How to Be Prepared to Recover from a Ransomware Virus
- Make regular backups of all your sensitive data and systems and store them offline.
- Enable File History in Windows 10 and Windows 8.1.
- Maintain a complete and current inventory of all your equipment and its network addresses so you can quickly find the source of an attack and prevent it immediately.
How to Detect Ransomware Attacks and Respond Effectively
- Monitor your file servers for the modification of massive numbers of files to different file extensions within a short period of time.
- Since ransom malware cannot encrypt all files within seconds, you may have time to trace its source. When you find the source workstation, in order to prevent ransomware spread, take it offline immediately.
- Check the name of the virus ransomware. It may be old malware that has already been cracked by the IT community.
- Beware of system notifications asking you for money to decrypt your files; some may be fake demands that have not encrypted any files.
- Be aware that even actual ransomware attacks do not encrypt all of your files.
- Don’t pay the attackers. Even if you get your data back, they will keep attacking you and forcing you to pay repeatedly. If you’ve already paid by credit card, contact your bank and block the transaction immediately.
How to Find Ransomware Removal Tools
Here is the list of ransomware removal tools that will help you in getting rid of it:
- Microsoft Enhanced Mitigation Experience Toolkit (EMET)
- Malwarebytes beta
- Kaspersky’s decryptors
- Kaspersky’s tool
- AVG’s solution
- Trend Micro Screen Unlocker
- Bit Defender’s tool
See how Netwrix Auditor can help you minimize the risk of damage from ransomware by enabling control over user permissions and Group Policy, detecting anomalous user behavior, and optimizing the data recovery process.
What is a Ransomware Virus?
Ransomware is a type of malware that blocks access to the victim's data and threatens to publish or delete it unless a ransom is paid. While some simple computer ransomware may lock the system in a way which is not difficult for a knowledgeable person to reverse, more advanced malware uses a technique called cryptoviral extortion, which encrypts the victim's files in a way that makes them nearly impossible to recover without the decryption key. Many attacks demand ransom be paid in digital currencies such as Ukash and Bitcoin, which are difficult to trace, making prosecution of the perpetrators difficult. The first known ransom malware was deployed in 1989. By 2013, the use of such viruses had become well established around the world.
How Does Ransomware Work?
The attacker generates a key pair and places the public key in a piece of malware. When the ransomware infection is released on a computer, it generates a random symmetric key and encrypts the victim's data with it. It uses the public key in the malware to encrypt the symmetric key. Then the malware displays a message to the victim with instructions about how to pay the ransom.
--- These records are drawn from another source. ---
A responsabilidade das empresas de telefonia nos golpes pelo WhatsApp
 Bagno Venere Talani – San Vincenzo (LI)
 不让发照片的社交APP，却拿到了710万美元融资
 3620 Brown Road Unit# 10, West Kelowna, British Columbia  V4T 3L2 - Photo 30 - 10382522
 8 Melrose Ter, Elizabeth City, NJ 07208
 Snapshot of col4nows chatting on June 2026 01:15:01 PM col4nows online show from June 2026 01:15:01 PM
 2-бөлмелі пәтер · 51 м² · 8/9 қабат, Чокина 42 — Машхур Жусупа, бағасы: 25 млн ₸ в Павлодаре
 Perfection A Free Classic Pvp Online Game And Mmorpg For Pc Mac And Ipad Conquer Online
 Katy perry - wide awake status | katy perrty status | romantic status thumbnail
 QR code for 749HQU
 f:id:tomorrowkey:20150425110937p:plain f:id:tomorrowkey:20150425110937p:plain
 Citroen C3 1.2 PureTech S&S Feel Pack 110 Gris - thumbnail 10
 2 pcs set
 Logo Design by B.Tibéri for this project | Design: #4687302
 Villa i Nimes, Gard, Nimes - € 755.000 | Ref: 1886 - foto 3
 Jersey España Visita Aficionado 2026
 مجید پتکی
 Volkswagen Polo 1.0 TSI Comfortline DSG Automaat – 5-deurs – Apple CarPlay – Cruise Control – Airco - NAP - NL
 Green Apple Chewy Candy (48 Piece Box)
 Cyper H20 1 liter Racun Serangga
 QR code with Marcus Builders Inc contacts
When the victim sends the e-payment, the attacker uses the private key from the key pair to decipher the encrypted symmetric key and sends the unencrypted symmetric key to the victim, who can use it to decipher the encrypted files. (Of course, there is no guarantee that the attackers will actually send you the decryption key.)
Ransomware attacks are typically carried out using a Trojan — the malware is disguised as a legitimate file that a user is tricked into downloading or opening when it arrives as an email attachment. However, one high-profile example, the WannaCry worm, traveled automatically between computers without user interaction.